● **Task objective**
For this exercise, repeat the records below exactly and omit every picture.

==*==

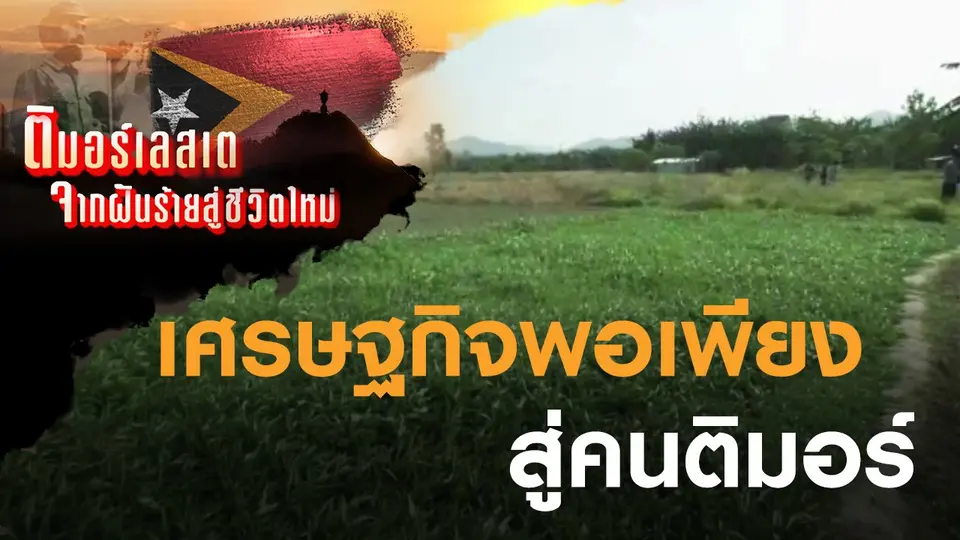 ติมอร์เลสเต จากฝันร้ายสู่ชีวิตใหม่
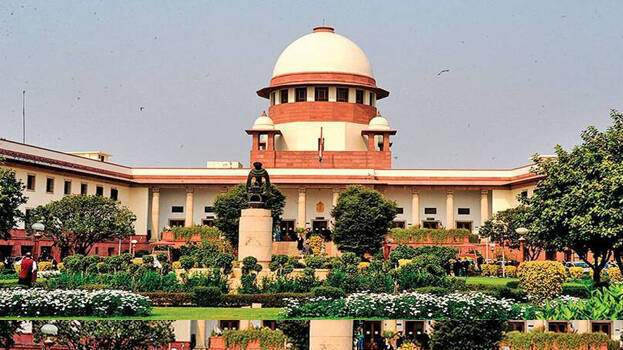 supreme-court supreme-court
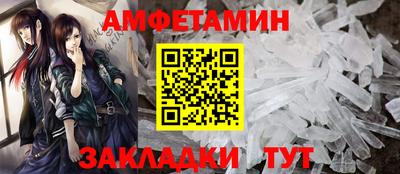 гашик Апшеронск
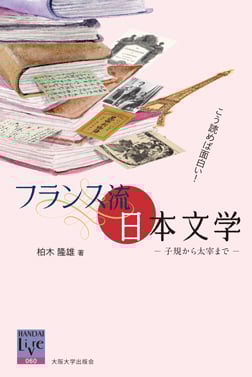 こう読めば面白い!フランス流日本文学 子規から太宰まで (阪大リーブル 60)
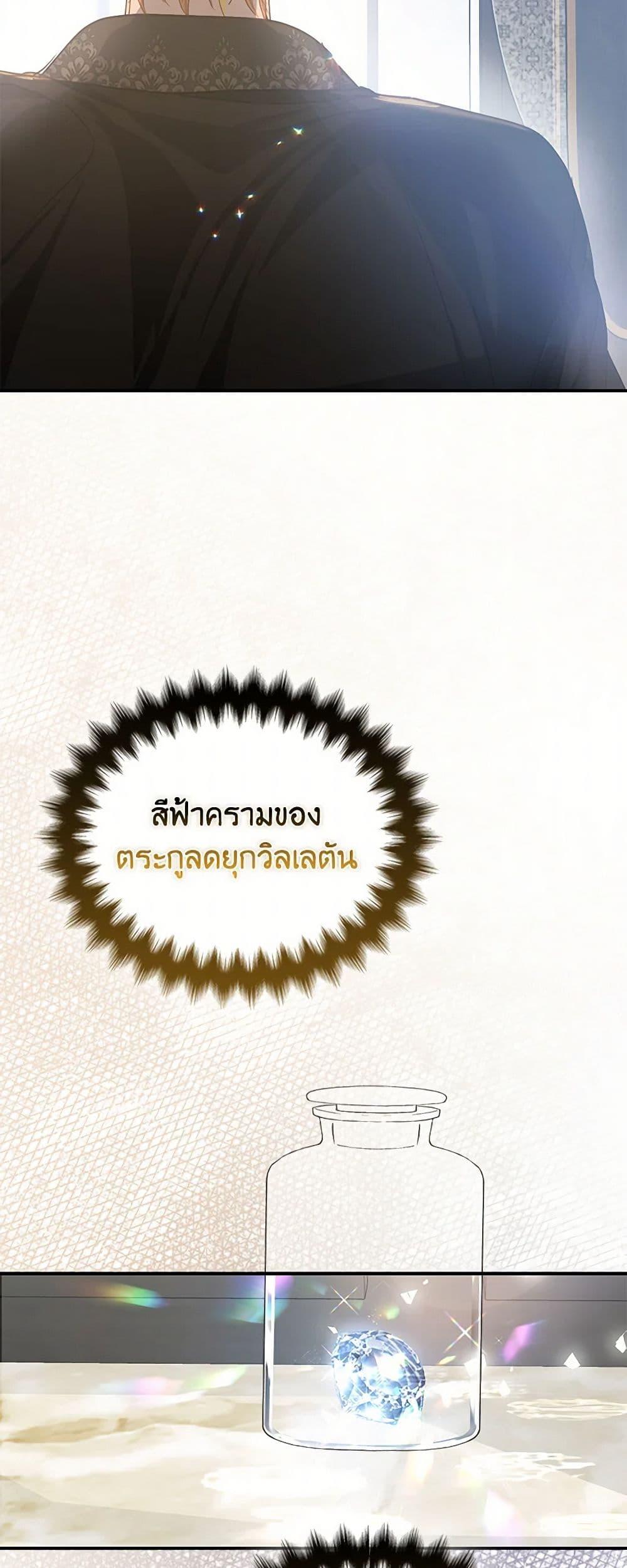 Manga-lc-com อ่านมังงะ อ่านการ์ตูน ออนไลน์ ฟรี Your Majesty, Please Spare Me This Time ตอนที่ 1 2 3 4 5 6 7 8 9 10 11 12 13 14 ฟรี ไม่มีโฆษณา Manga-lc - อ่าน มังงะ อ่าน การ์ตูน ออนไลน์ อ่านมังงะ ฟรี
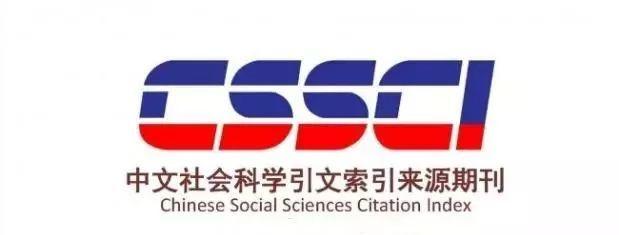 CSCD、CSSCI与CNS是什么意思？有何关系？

==*==

● **Reply**
 ติมอร์เลสเต จากฝันร้ายสู่ชีวิตใหม่
 supreme-court supreme-court
 гашик Апшеронск
 こう読めば面白い!フランス流日本文学 子規から太宰まで (阪大リーブル 60)
 Manga-lc-com อ่านมังงะ อ่านการ์ตูน ออนไลน์ ฟรี Your Majesty, Please Spare Me This Time ตอนที่ 1 2 3 4 5 6 7 8 9 10 11 12 13 14 ฟรี ไม่มีโฆษณา Manga-lc - อ่าน มังงะ อ่าน การ์ตูน ออนไลน์ อ่านมังงะ ฟรี
 CSCD、CSSCI与CNS是什么意思？有何关系？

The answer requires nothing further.